"Creo que tengo un problema con mi hermana."
Dije, al fin, después de seis años, ocho meses y unos cuantos días. La terapeuta me miraba con cara expectante. Le decía cosas triviales. Pero el decirlo era sorpresa.
Si me hubieran preguntado hace siete años, habría dicho que mi relación con Sandra era como la de muchos hermanos. Habría reconocido que en efecto había mucho cariño y respeto y hasta planes implícitos por jubilar a los viejos. Pero hubiera dejado sin mencionar los cientos de tardes que pasábamos solos en casa, los años completos en los que ser niño era mirarla a los ojos y escuchar con atención la manera correcta de hacer las cosas. Habría soslayado, casi por completo, los veranos enteros en casa luchando por conseguir un poco de espacio, un poco de tiempo, para hacer algo que ella no quisiera.
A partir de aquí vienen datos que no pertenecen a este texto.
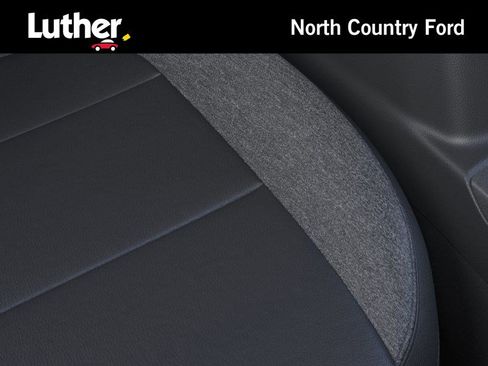 New 2026 Ford Bronco Sport Big Bend w/ Convenience Package image 16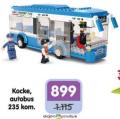 Aksa Sluban kocke autobus, 235 kom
Habría olvidado también las clases de álgebra, dibujo, química y biología; los planes secretos por engañar a los adultos; los abrazos fuertes, altos y largos que nunca a nadie he podido enseñar a dar; la mirada cómplice por idéntica; la mirada crítica por distinta; la mirada rotunda por reflejo. la convicción de ser más hermanos que hijos de padres comunes; la confianza absoluta, ciega, visceral; y, por supuesto, también habría olvidado mencionar que quizás algún día podría no estar más.
Si me hubieran preguntado hace tres meses tampoco lo habría reconocido.
"Siento como si hubiera destapado un gran pozo negro."
Dije, como si con ello pudiera despedir la sesión. "De eso se trata", me dijo, sin entender el dolor y el pánico que mis palabras escondían.